### Exercise data

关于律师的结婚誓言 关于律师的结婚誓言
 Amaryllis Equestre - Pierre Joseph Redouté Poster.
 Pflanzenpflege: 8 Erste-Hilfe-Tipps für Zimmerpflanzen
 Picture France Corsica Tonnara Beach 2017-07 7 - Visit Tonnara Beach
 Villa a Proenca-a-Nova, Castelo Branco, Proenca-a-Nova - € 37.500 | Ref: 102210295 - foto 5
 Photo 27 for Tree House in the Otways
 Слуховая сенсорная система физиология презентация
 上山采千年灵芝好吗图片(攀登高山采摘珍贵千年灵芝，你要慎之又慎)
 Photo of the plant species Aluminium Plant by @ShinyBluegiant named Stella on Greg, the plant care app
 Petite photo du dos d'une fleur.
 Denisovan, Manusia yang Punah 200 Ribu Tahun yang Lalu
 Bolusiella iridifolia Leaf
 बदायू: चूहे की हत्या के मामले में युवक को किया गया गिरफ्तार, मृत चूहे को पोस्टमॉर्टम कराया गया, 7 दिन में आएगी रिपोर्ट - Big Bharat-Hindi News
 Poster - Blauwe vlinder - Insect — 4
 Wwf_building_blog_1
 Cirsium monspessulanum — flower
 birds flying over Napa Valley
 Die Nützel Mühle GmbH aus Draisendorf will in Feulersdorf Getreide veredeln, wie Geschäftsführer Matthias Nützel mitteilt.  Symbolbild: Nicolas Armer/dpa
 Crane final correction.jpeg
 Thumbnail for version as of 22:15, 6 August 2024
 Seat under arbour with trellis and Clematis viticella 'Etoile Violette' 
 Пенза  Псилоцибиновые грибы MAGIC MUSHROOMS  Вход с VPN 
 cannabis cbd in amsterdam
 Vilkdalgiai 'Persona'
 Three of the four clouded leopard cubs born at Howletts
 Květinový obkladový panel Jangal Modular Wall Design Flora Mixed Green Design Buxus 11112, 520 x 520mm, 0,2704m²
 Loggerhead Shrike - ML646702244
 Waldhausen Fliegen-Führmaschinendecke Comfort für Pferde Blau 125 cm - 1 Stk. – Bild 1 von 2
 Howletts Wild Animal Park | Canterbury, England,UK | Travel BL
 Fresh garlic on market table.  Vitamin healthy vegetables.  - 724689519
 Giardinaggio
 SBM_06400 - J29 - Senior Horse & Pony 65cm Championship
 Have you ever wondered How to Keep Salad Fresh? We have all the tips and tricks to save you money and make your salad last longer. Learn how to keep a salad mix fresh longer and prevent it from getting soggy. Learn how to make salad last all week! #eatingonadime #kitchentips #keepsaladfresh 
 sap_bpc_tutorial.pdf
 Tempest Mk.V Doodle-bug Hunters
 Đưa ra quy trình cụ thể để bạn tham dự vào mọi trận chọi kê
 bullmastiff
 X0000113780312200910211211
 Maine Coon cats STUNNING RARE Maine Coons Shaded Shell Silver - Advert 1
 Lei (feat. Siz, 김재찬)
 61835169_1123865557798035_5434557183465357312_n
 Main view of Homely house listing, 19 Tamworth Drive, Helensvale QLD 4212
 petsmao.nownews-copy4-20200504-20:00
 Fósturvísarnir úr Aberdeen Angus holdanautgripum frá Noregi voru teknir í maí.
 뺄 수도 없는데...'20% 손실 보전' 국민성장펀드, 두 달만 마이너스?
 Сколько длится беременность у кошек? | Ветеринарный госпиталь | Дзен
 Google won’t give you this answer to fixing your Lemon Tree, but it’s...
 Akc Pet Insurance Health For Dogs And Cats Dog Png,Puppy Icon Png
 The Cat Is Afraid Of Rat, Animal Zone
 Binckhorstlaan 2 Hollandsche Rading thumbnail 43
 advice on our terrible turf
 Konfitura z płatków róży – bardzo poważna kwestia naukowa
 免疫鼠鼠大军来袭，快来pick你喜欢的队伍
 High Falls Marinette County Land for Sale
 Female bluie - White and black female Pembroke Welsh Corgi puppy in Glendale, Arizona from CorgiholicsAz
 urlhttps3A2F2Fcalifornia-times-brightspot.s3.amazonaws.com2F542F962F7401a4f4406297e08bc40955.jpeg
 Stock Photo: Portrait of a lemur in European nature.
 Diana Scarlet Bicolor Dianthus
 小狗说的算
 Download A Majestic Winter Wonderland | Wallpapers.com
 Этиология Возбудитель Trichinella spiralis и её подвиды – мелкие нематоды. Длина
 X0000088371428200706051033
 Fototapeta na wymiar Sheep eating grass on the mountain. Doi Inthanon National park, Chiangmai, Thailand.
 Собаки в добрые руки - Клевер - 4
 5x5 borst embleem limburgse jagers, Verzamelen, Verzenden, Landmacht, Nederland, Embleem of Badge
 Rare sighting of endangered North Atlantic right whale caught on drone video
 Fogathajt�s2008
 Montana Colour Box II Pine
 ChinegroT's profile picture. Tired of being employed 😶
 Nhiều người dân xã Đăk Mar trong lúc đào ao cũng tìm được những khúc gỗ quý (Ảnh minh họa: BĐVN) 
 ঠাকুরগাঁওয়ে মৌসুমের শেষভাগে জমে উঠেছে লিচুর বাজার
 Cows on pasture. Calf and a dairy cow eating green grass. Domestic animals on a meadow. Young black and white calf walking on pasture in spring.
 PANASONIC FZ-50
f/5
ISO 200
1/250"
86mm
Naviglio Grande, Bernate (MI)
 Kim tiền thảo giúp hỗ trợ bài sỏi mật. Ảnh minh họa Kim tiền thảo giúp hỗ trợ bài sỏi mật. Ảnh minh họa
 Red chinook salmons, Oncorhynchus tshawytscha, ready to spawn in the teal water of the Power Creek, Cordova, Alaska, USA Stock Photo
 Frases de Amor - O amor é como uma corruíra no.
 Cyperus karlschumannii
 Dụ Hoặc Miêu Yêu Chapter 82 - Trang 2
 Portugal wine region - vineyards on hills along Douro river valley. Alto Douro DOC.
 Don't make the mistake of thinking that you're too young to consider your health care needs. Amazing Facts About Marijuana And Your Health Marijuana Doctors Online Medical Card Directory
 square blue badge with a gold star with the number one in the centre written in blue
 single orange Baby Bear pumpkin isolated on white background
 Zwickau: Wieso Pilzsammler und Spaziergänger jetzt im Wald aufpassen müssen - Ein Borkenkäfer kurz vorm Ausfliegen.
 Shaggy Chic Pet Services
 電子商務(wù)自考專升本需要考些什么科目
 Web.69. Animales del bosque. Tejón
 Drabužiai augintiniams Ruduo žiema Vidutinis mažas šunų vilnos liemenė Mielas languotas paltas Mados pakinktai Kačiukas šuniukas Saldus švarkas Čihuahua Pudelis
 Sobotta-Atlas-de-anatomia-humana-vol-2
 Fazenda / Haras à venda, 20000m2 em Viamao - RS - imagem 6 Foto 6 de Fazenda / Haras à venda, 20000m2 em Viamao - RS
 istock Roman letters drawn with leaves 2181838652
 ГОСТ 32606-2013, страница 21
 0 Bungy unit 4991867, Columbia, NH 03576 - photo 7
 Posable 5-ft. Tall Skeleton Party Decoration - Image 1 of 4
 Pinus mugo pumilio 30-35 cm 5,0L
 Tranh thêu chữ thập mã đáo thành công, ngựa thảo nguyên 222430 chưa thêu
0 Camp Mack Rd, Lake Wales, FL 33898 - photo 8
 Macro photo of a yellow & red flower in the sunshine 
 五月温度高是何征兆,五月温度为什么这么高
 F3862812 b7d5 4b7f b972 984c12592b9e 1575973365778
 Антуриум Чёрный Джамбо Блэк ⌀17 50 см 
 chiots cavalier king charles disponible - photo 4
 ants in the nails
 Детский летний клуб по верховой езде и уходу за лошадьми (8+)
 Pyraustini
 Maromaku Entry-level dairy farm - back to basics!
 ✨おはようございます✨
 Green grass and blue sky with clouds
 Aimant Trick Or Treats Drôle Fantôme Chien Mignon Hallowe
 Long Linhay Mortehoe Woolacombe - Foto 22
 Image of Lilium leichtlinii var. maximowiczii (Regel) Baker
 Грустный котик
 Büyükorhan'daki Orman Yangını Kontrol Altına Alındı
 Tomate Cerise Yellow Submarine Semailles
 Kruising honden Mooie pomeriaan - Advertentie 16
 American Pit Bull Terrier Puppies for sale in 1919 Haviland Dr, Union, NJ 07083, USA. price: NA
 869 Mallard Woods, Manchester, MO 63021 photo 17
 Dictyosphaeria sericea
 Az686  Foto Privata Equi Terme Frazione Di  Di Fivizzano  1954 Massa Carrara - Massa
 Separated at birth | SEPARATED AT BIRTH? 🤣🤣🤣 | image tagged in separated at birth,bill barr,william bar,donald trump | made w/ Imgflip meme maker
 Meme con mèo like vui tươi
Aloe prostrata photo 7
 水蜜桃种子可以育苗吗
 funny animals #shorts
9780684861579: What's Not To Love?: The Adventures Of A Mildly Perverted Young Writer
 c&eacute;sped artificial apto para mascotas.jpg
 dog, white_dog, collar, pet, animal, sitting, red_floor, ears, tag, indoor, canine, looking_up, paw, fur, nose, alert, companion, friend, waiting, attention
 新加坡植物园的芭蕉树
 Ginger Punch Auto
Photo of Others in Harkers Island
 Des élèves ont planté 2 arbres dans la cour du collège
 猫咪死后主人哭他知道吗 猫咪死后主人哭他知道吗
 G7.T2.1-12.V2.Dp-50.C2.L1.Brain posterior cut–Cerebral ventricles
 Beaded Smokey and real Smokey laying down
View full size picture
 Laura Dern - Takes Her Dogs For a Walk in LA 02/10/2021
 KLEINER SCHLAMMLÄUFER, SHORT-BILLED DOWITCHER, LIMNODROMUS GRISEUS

### Your assignment
Quote, with nothing altered, all lines from the start of the entries to the line that carries "Bolusiella iridifolia Leaf", inclusive.

### The completed task
关于律师的结婚誓言 关于律师的结婚誓言
 Amaryllis Equestre - Pierre Joseph Redouté Poster.
 Pflanzenpflege: 8 Erste-Hilfe-Tipps für Zimmerpflanzen
 Picture France Corsica Tonnara Beach 2017-07 7 - Visit Tonnara Beach
 Villa a Proenca-a-Nova, Castelo Branco, Proenca-a-Nova - € 37.500 | Ref: 102210295 - foto 5
 Photo 27 for Tree House in the Otways
 Слуховая сенсорная система физиология презентация
 上山采千年灵芝好吗图片(攀登高山采摘珍贵千年灵芝，你要慎之又慎)
 Photo of the plant species Aluminium Plant by @ShinyBluegiant named Stella on Greg, the plant care app
 Petite photo du dos d'une fleur.
 Denisovan, Manusia yang Punah 200 Ribu Tahun yang Lalu
 Bolusiella iridifolia Leaf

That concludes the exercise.